Ducks Not Satisfied With Win

Dan Lanning didn’t sound like a coach who just won a College Football Playoff game. Oregon handled James Madison 51-34, sprinted to a 34-6 halftime lead, and still walked off the field with its head coach visibly irritated — because the Ducks didn’t play to their standard.

Lanning’s message was clear: championship football isn’t about the first-half fireworks, it’s about the full 60. Oregon let James Madison hang around by losing its edge after intermission, giving up rhythm drives, allowing explosive plays, and failing to “choke somebody out” when the game was there to be buried. That second half — where the Ducks were outscored 28-17 — is the part that matters most to Lanning, because it’s the part that will get you sent home in January.

The most obvious coaching-point is ball security and situational discipline. Quarterback Dante Moore authored a huge night through the air, but the two interceptions were gift points and a reminder that playoff margins are razor thin. Defensively, Oregon’s third-down execution slipped, and the overall urgency didn’t match the stakes. In other words: the Ducks won, but they left plenty on the field.

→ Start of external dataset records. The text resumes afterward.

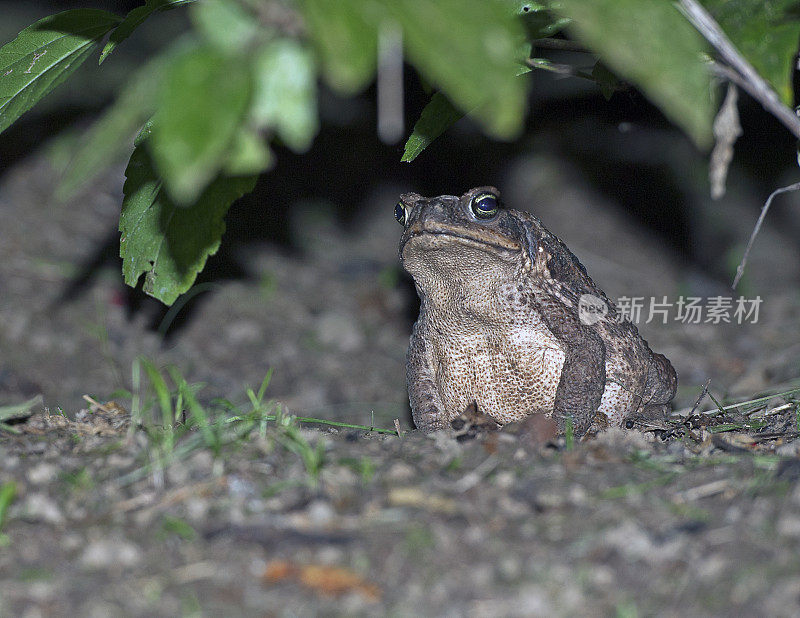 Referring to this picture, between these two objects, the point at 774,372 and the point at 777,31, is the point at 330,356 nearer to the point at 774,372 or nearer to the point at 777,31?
the point at 774,372

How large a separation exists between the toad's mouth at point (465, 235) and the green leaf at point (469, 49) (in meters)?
2.05

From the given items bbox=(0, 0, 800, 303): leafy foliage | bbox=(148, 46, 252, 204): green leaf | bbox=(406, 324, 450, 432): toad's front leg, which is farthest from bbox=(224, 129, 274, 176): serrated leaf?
bbox=(406, 324, 450, 432): toad's front leg

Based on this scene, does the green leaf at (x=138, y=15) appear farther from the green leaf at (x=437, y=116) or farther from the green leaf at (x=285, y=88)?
the green leaf at (x=285, y=88)

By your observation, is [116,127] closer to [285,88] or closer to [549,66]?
[285,88]

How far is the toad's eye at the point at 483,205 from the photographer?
367 cm

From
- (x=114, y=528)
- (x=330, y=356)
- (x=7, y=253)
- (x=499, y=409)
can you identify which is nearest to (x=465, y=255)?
(x=499, y=409)

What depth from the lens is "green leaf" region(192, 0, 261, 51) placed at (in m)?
1.48

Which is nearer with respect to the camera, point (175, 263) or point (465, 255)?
point (175, 263)

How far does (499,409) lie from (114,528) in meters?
2.22

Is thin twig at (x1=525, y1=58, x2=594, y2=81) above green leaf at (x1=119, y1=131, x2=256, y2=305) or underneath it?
above

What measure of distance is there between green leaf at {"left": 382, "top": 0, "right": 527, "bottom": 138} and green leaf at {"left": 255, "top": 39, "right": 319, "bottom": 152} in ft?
0.62

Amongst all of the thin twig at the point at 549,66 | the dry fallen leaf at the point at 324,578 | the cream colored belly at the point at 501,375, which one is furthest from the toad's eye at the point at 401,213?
the dry fallen leaf at the point at 324,578

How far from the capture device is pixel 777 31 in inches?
81.9

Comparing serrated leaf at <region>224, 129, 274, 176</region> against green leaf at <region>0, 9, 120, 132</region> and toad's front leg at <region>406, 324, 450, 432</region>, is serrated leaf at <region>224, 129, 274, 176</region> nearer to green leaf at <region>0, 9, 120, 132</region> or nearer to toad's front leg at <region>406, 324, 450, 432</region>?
green leaf at <region>0, 9, 120, 132</region> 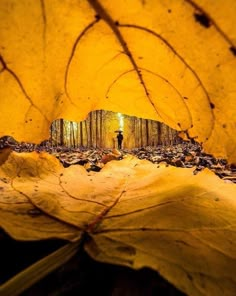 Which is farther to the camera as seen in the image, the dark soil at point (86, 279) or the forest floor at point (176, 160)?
the forest floor at point (176, 160)

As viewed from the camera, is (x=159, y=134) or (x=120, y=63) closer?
(x=120, y=63)

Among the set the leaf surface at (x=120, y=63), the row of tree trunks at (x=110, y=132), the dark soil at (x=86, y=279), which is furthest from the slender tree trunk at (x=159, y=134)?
the dark soil at (x=86, y=279)

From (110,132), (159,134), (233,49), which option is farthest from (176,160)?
(110,132)

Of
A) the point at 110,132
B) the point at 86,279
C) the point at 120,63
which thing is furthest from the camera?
the point at 110,132

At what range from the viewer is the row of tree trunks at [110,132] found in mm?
13227

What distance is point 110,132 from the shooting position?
45.4 feet

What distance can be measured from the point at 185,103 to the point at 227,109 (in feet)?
0.55

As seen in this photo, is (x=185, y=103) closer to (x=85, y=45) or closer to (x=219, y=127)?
(x=219, y=127)

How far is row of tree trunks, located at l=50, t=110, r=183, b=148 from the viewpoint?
13227 millimetres

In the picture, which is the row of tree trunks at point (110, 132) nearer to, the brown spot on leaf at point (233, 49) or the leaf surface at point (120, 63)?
the leaf surface at point (120, 63)

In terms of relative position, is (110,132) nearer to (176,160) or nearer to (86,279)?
(176,160)

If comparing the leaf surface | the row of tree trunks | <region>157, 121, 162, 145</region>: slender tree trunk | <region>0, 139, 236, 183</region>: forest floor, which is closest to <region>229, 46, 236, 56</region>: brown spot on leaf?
the leaf surface

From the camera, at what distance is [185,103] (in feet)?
3.16

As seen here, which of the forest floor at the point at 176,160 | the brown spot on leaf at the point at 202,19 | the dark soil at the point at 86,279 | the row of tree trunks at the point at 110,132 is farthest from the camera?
the row of tree trunks at the point at 110,132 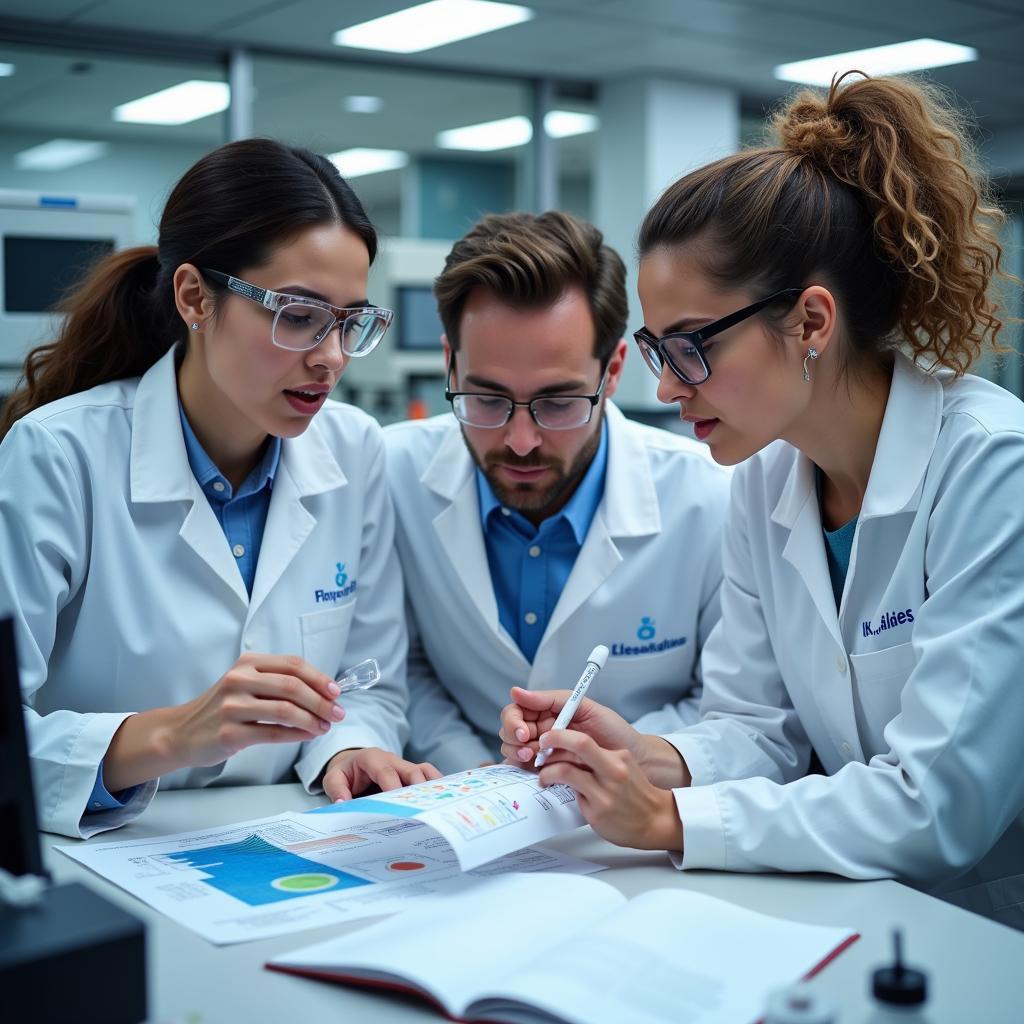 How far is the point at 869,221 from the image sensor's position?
150cm

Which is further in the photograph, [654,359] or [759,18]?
[759,18]

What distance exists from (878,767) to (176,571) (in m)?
0.99

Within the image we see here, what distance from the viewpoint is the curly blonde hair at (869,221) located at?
147 centimetres

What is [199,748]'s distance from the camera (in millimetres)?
1404

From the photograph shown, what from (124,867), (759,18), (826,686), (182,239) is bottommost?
(124,867)

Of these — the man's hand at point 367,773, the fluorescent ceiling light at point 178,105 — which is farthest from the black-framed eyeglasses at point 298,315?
the fluorescent ceiling light at point 178,105

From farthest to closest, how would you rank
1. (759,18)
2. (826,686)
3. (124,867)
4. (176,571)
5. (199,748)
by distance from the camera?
1. (759,18)
2. (176,571)
3. (826,686)
4. (199,748)
5. (124,867)

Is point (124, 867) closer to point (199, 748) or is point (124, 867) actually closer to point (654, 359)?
point (199, 748)

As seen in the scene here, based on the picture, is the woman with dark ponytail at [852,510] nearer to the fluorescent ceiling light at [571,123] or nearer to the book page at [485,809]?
the book page at [485,809]

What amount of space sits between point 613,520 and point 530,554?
0.16 m

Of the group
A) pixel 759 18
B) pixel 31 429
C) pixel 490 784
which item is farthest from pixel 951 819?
pixel 759 18

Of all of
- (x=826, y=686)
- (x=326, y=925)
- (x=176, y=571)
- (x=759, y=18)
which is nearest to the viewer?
(x=326, y=925)

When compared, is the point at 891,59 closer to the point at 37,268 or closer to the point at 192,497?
the point at 37,268

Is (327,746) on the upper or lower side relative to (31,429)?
lower
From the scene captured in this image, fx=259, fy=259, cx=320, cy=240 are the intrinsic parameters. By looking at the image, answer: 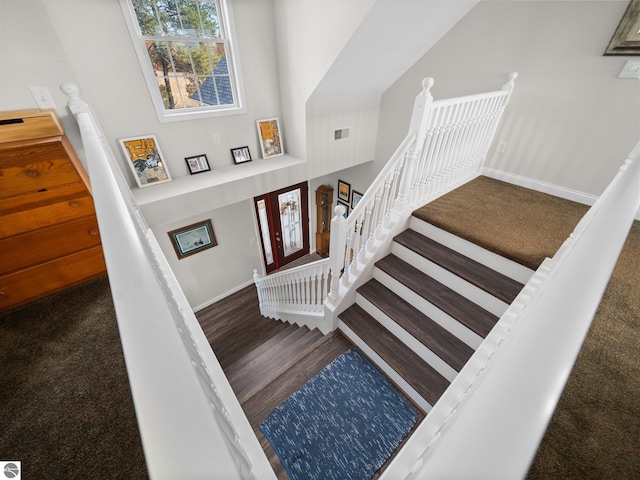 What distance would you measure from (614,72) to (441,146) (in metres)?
1.55

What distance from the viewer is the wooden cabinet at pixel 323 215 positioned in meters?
5.28

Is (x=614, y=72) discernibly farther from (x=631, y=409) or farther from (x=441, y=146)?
(x=631, y=409)

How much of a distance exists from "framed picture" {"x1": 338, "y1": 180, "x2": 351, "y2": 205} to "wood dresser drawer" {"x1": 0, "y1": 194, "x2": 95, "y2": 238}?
4166mm

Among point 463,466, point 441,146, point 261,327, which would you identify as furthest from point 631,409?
point 261,327

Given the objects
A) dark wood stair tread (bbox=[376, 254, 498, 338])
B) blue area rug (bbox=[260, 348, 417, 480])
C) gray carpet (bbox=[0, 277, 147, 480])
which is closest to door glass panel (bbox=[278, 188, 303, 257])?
dark wood stair tread (bbox=[376, 254, 498, 338])

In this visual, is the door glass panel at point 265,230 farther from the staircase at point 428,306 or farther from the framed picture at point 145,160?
the staircase at point 428,306

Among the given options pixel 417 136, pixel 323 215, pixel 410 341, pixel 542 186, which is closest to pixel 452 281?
pixel 410 341

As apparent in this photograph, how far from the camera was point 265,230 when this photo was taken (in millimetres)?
4805

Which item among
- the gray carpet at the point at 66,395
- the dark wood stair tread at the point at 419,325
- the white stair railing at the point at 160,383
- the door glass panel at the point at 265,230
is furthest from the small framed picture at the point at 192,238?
the white stair railing at the point at 160,383

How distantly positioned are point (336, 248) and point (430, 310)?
887 mm

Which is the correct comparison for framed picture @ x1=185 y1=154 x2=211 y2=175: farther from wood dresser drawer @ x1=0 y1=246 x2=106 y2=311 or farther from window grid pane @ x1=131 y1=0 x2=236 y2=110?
wood dresser drawer @ x1=0 y1=246 x2=106 y2=311

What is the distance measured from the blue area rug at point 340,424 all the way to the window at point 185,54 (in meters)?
3.22

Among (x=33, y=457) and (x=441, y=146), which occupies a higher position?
(x=441, y=146)

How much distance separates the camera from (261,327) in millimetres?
3955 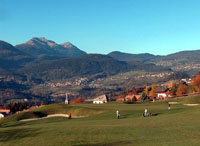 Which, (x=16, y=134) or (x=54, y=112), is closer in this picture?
(x=16, y=134)

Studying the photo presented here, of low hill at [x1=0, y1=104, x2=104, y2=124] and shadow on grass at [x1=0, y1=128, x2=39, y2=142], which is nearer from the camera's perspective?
shadow on grass at [x1=0, y1=128, x2=39, y2=142]

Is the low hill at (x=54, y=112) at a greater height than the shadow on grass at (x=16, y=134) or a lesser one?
greater

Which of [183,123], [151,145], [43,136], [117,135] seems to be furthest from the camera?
[183,123]

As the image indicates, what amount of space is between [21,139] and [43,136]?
257 centimetres

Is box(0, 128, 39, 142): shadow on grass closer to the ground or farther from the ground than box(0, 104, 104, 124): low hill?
closer to the ground

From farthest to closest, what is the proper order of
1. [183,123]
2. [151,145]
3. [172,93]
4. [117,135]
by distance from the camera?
[172,93], [183,123], [117,135], [151,145]

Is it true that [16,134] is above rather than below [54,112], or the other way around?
below

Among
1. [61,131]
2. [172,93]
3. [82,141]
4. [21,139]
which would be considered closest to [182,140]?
[82,141]

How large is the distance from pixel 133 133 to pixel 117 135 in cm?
189

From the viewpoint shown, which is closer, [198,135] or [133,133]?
[198,135]

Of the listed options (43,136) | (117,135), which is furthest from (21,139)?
(117,135)

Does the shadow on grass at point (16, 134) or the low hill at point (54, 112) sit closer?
the shadow on grass at point (16, 134)

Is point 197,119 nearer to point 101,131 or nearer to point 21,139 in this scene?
point 101,131

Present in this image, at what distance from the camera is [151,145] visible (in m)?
26.5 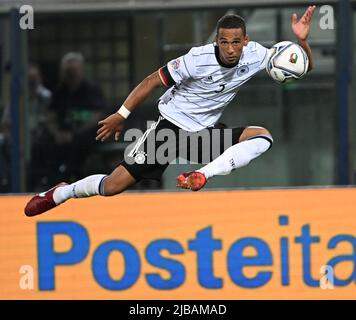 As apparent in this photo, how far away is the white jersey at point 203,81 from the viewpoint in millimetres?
7238

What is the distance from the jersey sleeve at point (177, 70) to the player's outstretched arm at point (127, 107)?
0.13 feet

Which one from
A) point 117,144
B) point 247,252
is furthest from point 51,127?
point 247,252

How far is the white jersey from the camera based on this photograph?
724cm

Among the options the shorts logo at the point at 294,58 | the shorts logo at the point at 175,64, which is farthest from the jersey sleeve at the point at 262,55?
the shorts logo at the point at 175,64

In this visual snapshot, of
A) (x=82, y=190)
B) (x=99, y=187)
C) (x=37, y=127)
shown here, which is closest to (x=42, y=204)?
(x=82, y=190)

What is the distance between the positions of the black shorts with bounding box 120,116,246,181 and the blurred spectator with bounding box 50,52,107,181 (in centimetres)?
393

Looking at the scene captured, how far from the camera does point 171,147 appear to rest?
7.36m

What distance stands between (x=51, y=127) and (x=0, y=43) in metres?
0.93

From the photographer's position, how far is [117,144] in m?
11.4

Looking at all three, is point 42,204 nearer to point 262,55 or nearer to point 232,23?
point 262,55

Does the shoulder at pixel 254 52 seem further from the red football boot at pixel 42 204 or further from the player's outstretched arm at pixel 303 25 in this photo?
the red football boot at pixel 42 204

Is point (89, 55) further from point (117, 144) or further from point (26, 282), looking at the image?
point (26, 282)

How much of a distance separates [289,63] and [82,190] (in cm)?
154

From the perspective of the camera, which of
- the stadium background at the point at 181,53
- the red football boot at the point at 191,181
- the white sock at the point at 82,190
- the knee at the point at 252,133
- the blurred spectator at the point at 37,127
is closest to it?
the red football boot at the point at 191,181
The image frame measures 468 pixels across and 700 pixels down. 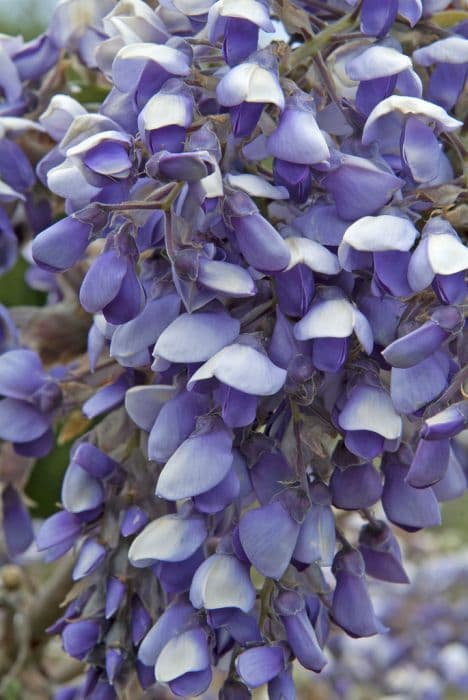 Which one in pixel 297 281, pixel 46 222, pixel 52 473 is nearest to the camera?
pixel 297 281

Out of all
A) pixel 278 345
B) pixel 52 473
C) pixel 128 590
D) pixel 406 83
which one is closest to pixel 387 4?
pixel 406 83

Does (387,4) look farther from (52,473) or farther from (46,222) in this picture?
(52,473)

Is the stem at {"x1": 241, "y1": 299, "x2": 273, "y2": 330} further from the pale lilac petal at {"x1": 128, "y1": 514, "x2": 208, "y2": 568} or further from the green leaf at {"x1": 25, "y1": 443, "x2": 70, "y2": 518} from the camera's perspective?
the green leaf at {"x1": 25, "y1": 443, "x2": 70, "y2": 518}

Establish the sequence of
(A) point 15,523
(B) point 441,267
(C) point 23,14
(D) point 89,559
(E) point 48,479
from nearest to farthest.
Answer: (B) point 441,267 < (D) point 89,559 < (A) point 15,523 < (E) point 48,479 < (C) point 23,14

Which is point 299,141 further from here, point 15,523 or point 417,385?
point 15,523

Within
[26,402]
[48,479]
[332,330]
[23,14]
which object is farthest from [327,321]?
[23,14]

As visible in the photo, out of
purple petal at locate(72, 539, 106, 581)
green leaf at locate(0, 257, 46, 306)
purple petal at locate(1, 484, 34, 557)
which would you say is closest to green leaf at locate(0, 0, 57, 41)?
green leaf at locate(0, 257, 46, 306)

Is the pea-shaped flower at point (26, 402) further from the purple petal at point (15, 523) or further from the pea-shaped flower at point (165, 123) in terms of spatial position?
the pea-shaped flower at point (165, 123) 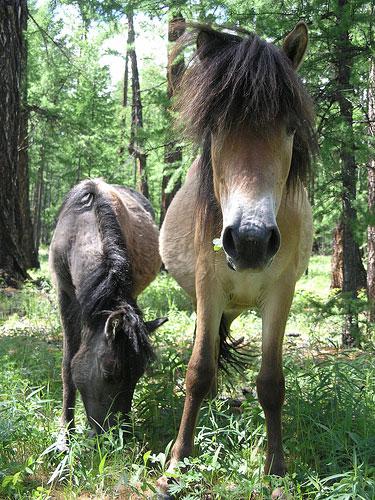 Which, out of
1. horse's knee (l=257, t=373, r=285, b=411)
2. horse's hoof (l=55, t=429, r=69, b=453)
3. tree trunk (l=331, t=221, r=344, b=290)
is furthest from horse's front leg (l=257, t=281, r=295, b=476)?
tree trunk (l=331, t=221, r=344, b=290)

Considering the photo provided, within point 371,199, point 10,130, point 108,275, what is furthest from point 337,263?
point 108,275

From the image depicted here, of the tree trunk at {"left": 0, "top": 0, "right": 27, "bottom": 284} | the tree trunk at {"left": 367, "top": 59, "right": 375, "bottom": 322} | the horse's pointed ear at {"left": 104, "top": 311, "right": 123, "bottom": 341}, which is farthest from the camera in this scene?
the tree trunk at {"left": 0, "top": 0, "right": 27, "bottom": 284}

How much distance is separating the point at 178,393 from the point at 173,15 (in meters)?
4.39

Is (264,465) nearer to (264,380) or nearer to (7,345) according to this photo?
(264,380)

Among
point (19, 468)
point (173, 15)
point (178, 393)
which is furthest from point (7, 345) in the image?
point (173, 15)

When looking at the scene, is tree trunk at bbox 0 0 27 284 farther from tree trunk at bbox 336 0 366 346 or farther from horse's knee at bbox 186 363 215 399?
horse's knee at bbox 186 363 215 399

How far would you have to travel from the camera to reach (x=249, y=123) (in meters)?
2.63

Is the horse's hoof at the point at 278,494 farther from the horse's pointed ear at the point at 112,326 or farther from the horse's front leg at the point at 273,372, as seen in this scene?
the horse's pointed ear at the point at 112,326

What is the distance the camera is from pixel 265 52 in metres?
2.70

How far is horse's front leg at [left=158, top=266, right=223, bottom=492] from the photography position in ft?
10.3

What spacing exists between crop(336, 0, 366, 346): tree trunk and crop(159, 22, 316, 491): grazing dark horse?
178 cm

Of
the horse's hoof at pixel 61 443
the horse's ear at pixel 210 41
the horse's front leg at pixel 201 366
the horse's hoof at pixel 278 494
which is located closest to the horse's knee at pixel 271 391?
the horse's front leg at pixel 201 366

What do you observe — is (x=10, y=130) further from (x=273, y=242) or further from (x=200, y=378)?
(x=273, y=242)

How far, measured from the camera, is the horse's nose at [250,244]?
7.32ft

And that’s exactly why Lanning’s dissatisfaction is good news for Oregon going forward. Great teams don’t get satisfied; they get sharpened. A “tale of two halves” gives the coaching staff real ammunition — film that’s uncomfortable, correctable, and motivating — heading into the CFP quarterfinal against Texas Tech in the Orange Bowl on January 1.

Oregon’s ceiling is still as high as anyone’s, but Lanning is making sure the locker room hears this: the standard doesn’t change because you advanced. If the Ducks want to keep playing, the second-half version can’t show up again. Special teams flashed with a blocked kick and blocked punt, but Lanning demands units finish with precision.